The book focuses on the colonial state but, as the introduction makes clear, it does so in an effort to demonstrate the continuities between what is known about the periods immediately before and what is known about the nature of the current political situation in Darfur since the beginning of the millennium. It is therefore a bit disappointing that the connections between the main exposé on the sultanic and condominium eras is followed by only brief descriptions of the political developments in Darfur in the new millennium, as well as on those of the preceding period of state rule under the Sudanese Republic; these receive only a paragraph in the final conclusion. Like the sultanate and the Mahdiyya periods, which Vaughan describes in some detail, the independence period and its political implications deserved a full chapter to do more justice to the author's well-founded claims of continuity of rule in pre- and postcolonial Darfur.

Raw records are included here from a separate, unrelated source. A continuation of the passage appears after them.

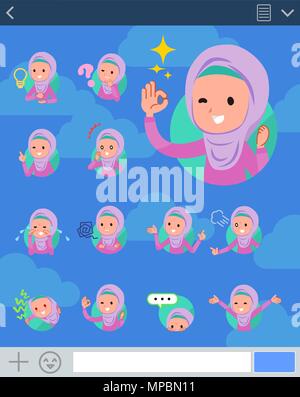 Il tipo piatto arabo stile hijab girl sns Illustrazione Vettoriale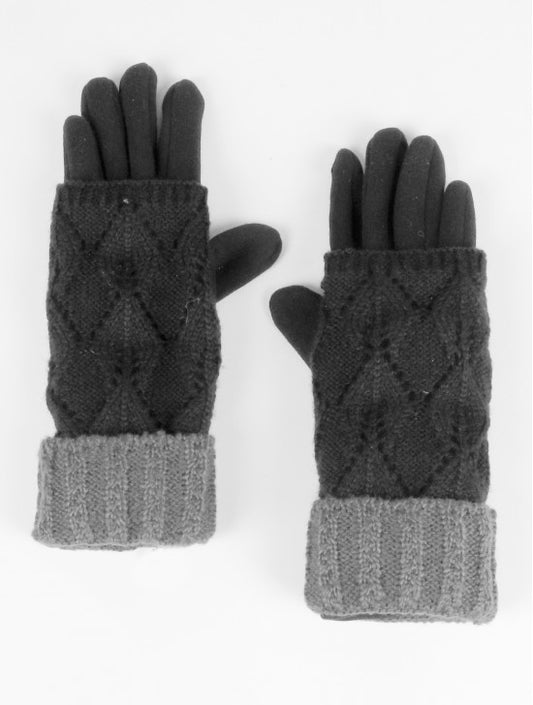 Two-Tone Cable Knit Touch Screen Gloves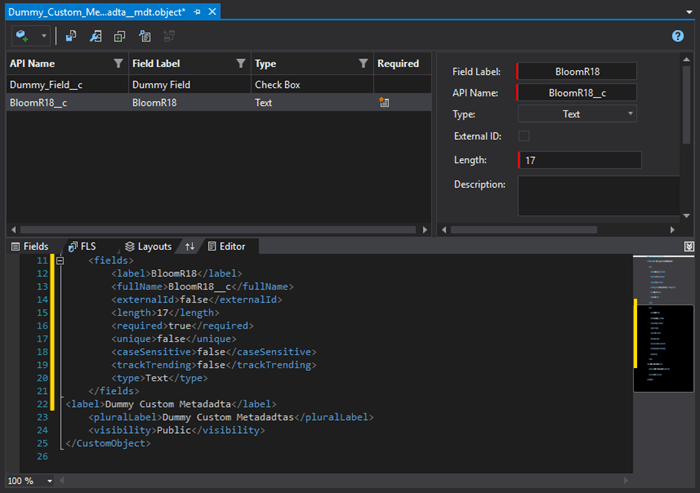 Modifying fields in the Custom Metadata definition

Vaughan sketches the continuities in the ways in which the British use and abuse of violence in Darfur were inspired – and, in a way, even justified – by the violence they knew to have been in place prior to their arrival. Although the techniques of violence have changed – the machine gun simply made violence cheaper and more efficient than the cavalry-based armies of the sultanate ever could have been – the reasons for its deployment have remained essentially similar. The inhabitants of Darfur expected the state and its various agents to behave violently, but not too violently. The legitimacy of the higher echelons of rule rested in part on their capacity to curtail the rapaciousness of their underlings, be they princes of the sultanate or some local village shaykh. Both the common population and members of the state elite could lodge formal complaints or direct petitions against their superiors to higher echelons of power – either the sultan on the eve of colonization, or the district commissioner in colonial times, or the leaders of the umma or National Umma Party (NUP) on the eve of independence.

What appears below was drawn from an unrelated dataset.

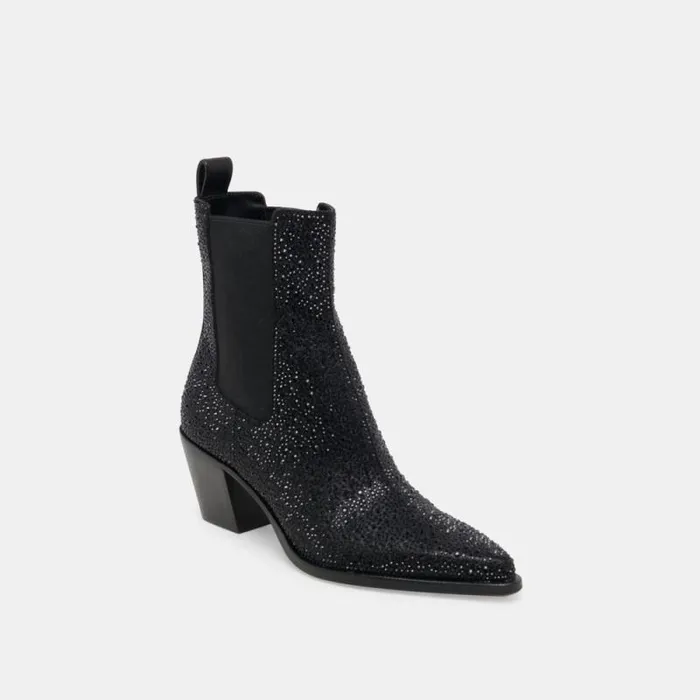 Dolce Vita Shadie Crystal Booties Black Metallic Crystal Women Boots and Booties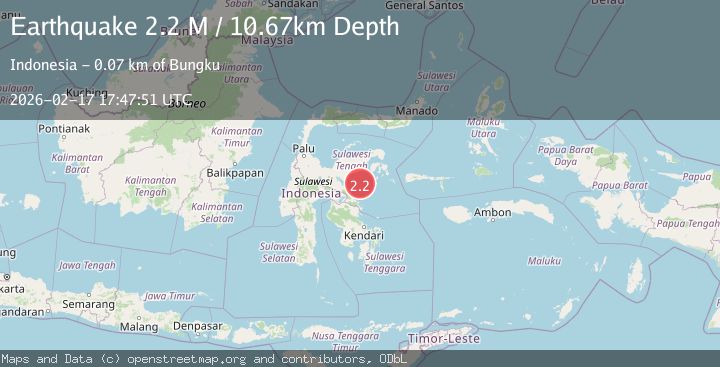 Map of Sulawesi, Indonesia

Vaughan's claims are substantiated by a detailed analysis of the interactions between various layers of state policy at the local level, from the sultan and his aba diimang, abbo uumo, firsha and lower power holders, to the governor and his district commissioners and their shartays, omdas, dimlijs and shuyuck, to the local population; and from the government in Khartoum to the governor and the various insurgent and pro-government movements. These interactions are shown in the core chapters of the book, which deal with the nature of colonial violence (Chapter 3), native courts and chieftaincy disputes (Chapter 4), territorial administration and the policing of nomad society (Chapter 5) and the transfer of colonial power to the new republic (Chapter 6). These chapters describe a host of different types of local rule and rulers in various time periods, as well as their ever-changing levels and means of authority. Unless one is as familiar with Darfur's systems of rule as the author is, one can easily get lost between the agawids, hakims, mandubs and maqdums, despite the extensive glossary. But this murkiness is exactly the point the book makes: the adaptation of one system of rule by another and the constant tinkering characteristic of indirect local rule in those parts of the empire seen as peripheral – be it the sultanate, the British Empire or the empire on the Nile that is the Republic of Sudan – lead to a certain incoherence. This murkiness creates room for manoeuvre for local populations and power holders to shape the system of rule to their needs, and has allowed for continuities in old power games under new names. These dynamics are shown in concrete examples of disputes over leadership and their resolution.

As well as these continuities, Vaughan craftily writes of the slow and subtle changes that occurred in the nature of rule, its legitimation, its exercise and its contestation over the colonial period. Party politics, regulated taxation, the curtailment of direct physical punishment in favour of court rule and imprisonment, and the spatial reorganization of nomad land rights all helped transform the expression of violence in rule, as well as the right to claim redress against it, in the hundred years since 1916.